Its early morning and the plan is an invigorating snowshoe walk and I can’t wait! Dolly, as usual, ‘assists me’ while I put on my snowshoes, and the sun warmly greets us as we round the corner from the cabin.
The new depth of snow-cover was no match for me and Dolly this morning – we steamrolled a new path through the fresh 8+ inches as the intense rays of the morning sun guided us through the barren woods. Dolly amused me by grabbing fallen branches from under the snow and rushing recklessly about with them in her mouth, whipping everything (including me!) in her path.
LCO was a stunning sight this morning. The combination of the intense blue sky and the golden sunlight was guaranteed to lift anyone’s spirits, even those stuck in the deepest winter void. We stopped for a few quick pictures and then continued along the lakeshore gazing at the lonely, closed-up cabins and cottages.
A solitary snowmobiler shot by us on the lake and he seemed so out-of-place to me – it was too much of a Spring-feeling day to have a snowmobiler remind me of the snow….

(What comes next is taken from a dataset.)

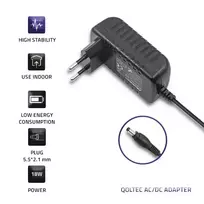 adapteris plugams - Qoltec AC Adapter 18W 9V 2A 5.5 x 2.1 Juodas (Black) - 4 nuotrauka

Dolly and I ended our walk at the dock by our cabin. We have high elevation on the Point, a solid 40+ steps up to the cabin. After taking my snowshoes off, Dolly and I began climbing the staircase. The metal-grate steps were snow and ice-covered but fairly easy to climb and we approached the top rather quickly. Almost to the cabin.
Suddenly I was laying face-down on the ground and quickly sliding down the hill as if I was on a luge. I was total caught off guard and couldn’t even seem to compose myself enough to figure out how to stop. My foot finally wedged up against a small tree and I crunched up to a stop. For a few seconds I tried to gather my wits and figure out what just happened, I was at least grateful to still have my snowshoes in my grip. I rolled over to my side and looked up the hill, and there, of course, was Dolly in the ‘play’ stance as if I planned this for a chase with her.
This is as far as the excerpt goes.